L’Ospedale e i nostri colleghi soprattutto, ma certo tralasciare le professioni sanitarie che collaborano con noi nel quotidiano, sono in una situazione di costante sollecitazione e sono chiamati ad un crescente impegno per l’afflusso massiccio dei pazienti.

Gli interventi sono quotidiani e lo vediamo nell’individuazione di nuovi spazi nel nostro nosocomio maggiore in cui allocare nuovi posti letto, ampliando il numero di quelli presenti, sia nella degenza assistita che nella terapia intensiva e, ancor prima, per dare risposta immediata alle necessità dei nostri Pronto soccorso.

Dobbiamo essere consapevoli che ogni nostra azione, pur importante, è una parte di quanto tutti fanno in questo momento difficile, e di quanto tutti i nostri medici impegnati in prima linea all’interno ed all’esterno degli ospedali stanno portando avanti con abnegazione, pur sottoposti a tensioni elevate, perché la situazione, semmai non si fosse compreso, è delicata e richiede un comportamento coerente coll’agire competente in senso etico e deontologico.

Principi a cui tutti siamo chiamati, medici del territorio, dell’ospedale, e anche coloro che nell’emergenza epidemica sono ai margini e meno esposti, a cui è richiesta collaborazione e non certo l’astensione dal farlo, agendo con senso di responsabilità, ognuno facendo la propria parte.

Occorre essere del gruppo, lavorare in gruppo e per il gruppo, operando per il bene di tutti, ciascuno nei propri ambiti, tendendo sempre la mano a chi ha bisogno.

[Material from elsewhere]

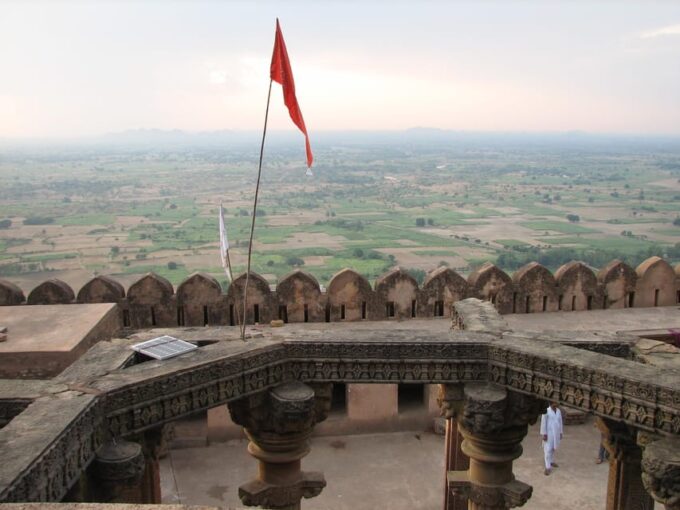 Kalinjar Fort Full Day Detailed Tour From Khajuraho - Important Information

Chi fa il medico, se tale si consideri, agisce come medico, cercando di risolvere i problemi nella difficoltà sapendo che chi vi rappresenta sta lavorando perché possiate avere tutte le tutele professionali.

Allo stesso momento non mi stanco di elogiare e ringraziare quanti, nella stragrande maggioranza, pur agendo nelle difficoltà, stanno dando della figura del medico la migliore rappresentazione della professione, alta, che impersonano.